Les systèmes d’acteurs organisant le processus d’attribution sont relativement diversifiés dans les pays étudiés même s’ils se limitent en général au couple entreprise de logement social / Commune (Allemagne, Pays-Bas, Irlande, Royaume-Uni, Suède, Danemark).

De façon générale, plus les fonctions de sélection et d’attribution sont dissociées, plus le nombre d’acteurs impliqués dans le processus d’attribution est important et leur statut diversifié (Italie, Luxembourg, France).

Par ailleurs, l’implication des locataires en place est une réalité en Italie et tend à se développer au Danemark et au Royaume-Uni.

Ainsi, avons nous identifié quatre systèmes d’acteurs dans le processus d’attribution des logements sociaux :

- Commune / Entreprises de logement social : (Allemagne, Pays-Bas, Irlande, Suède)

- Commune / Entreprises de logement social / Locataires (Italie, Danemark, Royaume-Uni)

- Commune / Entreprises de logement social / Acteurs sociaux (Luxembourg)

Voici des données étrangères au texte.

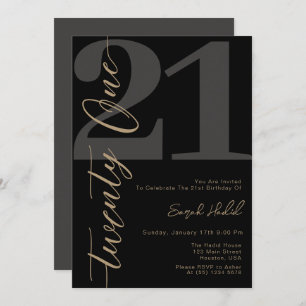 Modern Black Twenty One 21st Birthday Invitation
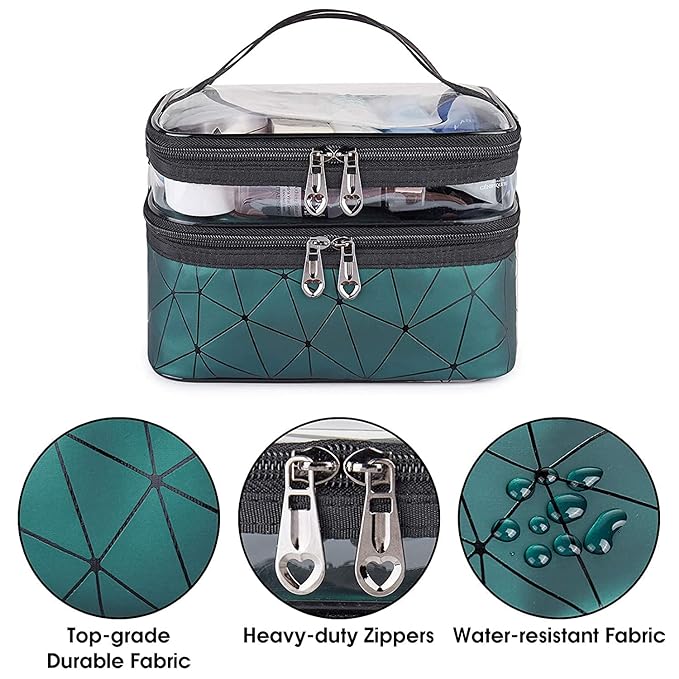 Zollyss Double Layer Cosmetic Bag Organizer Makeup Pouch for Women Travel Cosmetics Case Toiletry Bags for Girls (Green Pack of 1)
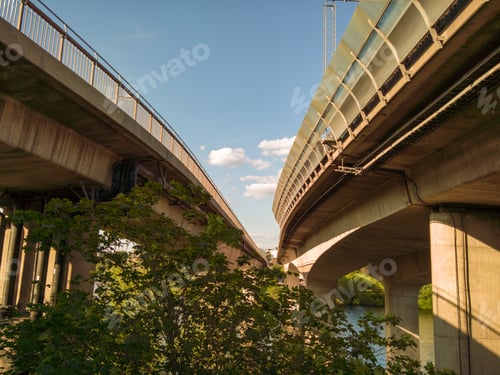Preview: Beautiful shot of two bridges and trees between them - perfect for background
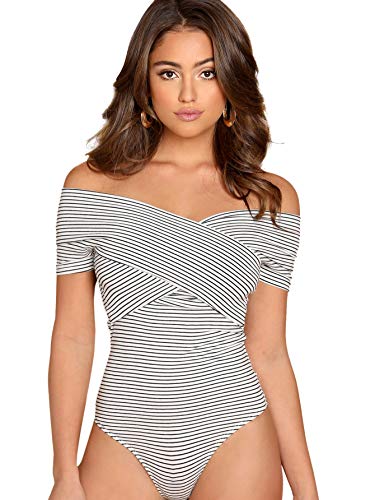 SOLY HUX Women's Criss Cross Striped Wrap Off The Shoulder Skinny Elegant Bodysuit...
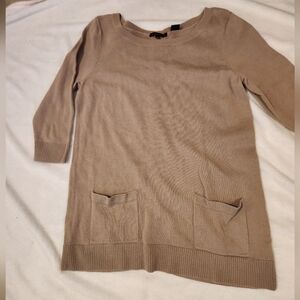 Jeanne Pierre Button-back Sweater 100% Cotton Size Medium Taupe Top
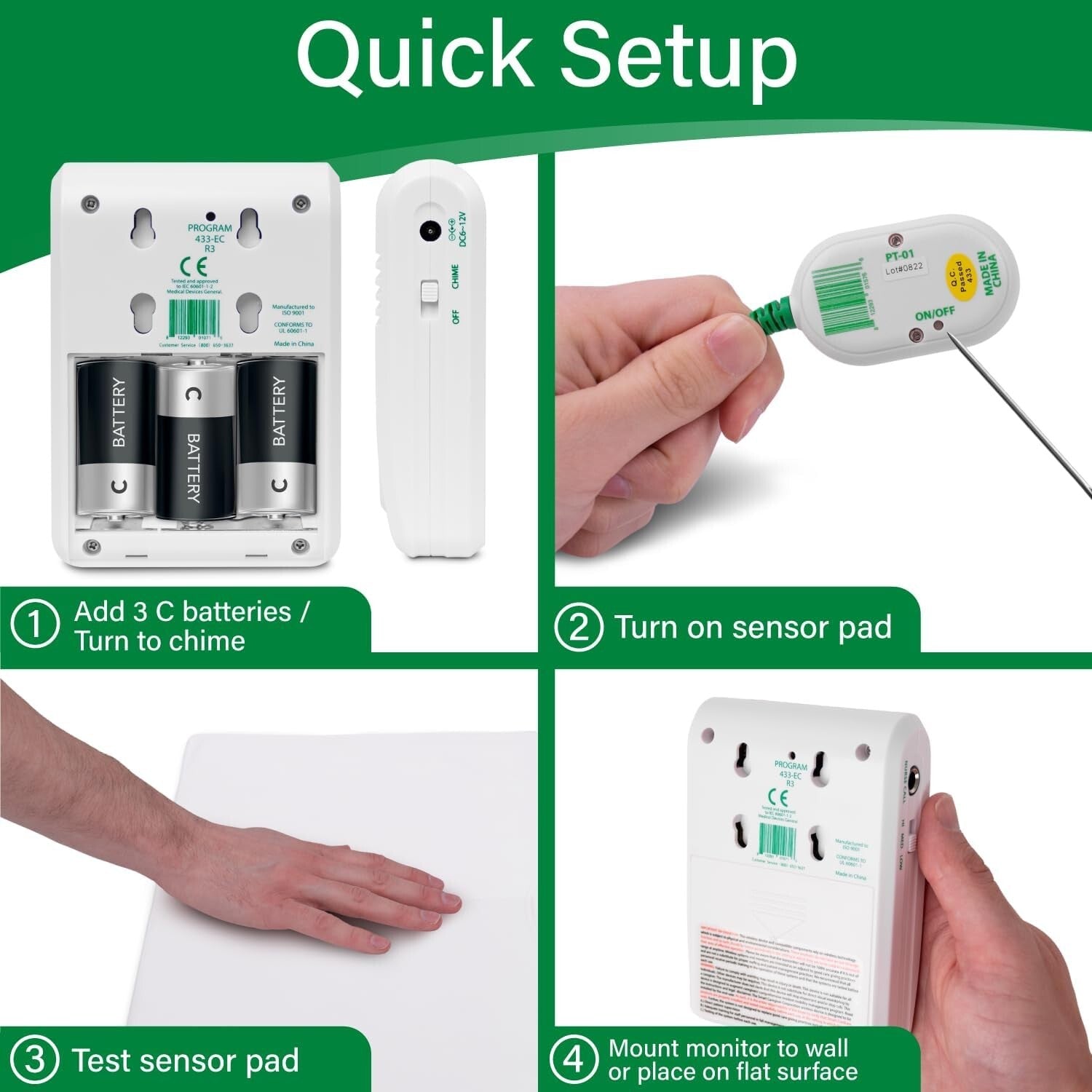 Smart Caregiver Wireless Bed Alarm System - 10x30” Safety Pad with Monitor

- Etat / Commune / Entreprises / Entreprises de logement social (France)

Les relations communes / entreprises de logement social sont quasi-exclusives en Allemagne, Pays-Bas, Irlande, Suède. C’est en effet entre ces deux acteurs que s’organisent les processus d’attribution selon des modes relationnels très différents, basés sur la loi et la contrainte en Allemagne (une des clauses du conventionnement des logements sociaux), sur le conventionnement de type contrat d’objectif aux Pays-Bas et en Irlande ou sur la négociation en Suède.

La participation des locataires dans les processus d’attribution est une réalité en Italie, au Danemark et plus récemment au Royaume-Uni. En Italie, un représentant des locataires participe à la commission indépendante d’attribution, au côté du représentant de l’entreprise de logement social et de la Commune. Son rôle est de veiller au bon déroulement du processus de constitution de la liste d’attente et au respect des droits des demandeurs. Toutefois, le garant du respect des procédures reste le Magistrat qui préside cette commission d’attribution.

Au Danemark et au Royaume-Uni, l’intervention des locataires relève de la défense de leurs propres intérêts et non de ceux des demandeurs. Au Danemark, ils sont consultés pour toute attribution concernant des ménages dont le comportement social est susceptible de poser des problèmes de voisinage ou d’impayés. Dans ce cas, la commune se porte garante pour le loyer et promet de reloger le ménage en cas de problèmes de voisinage.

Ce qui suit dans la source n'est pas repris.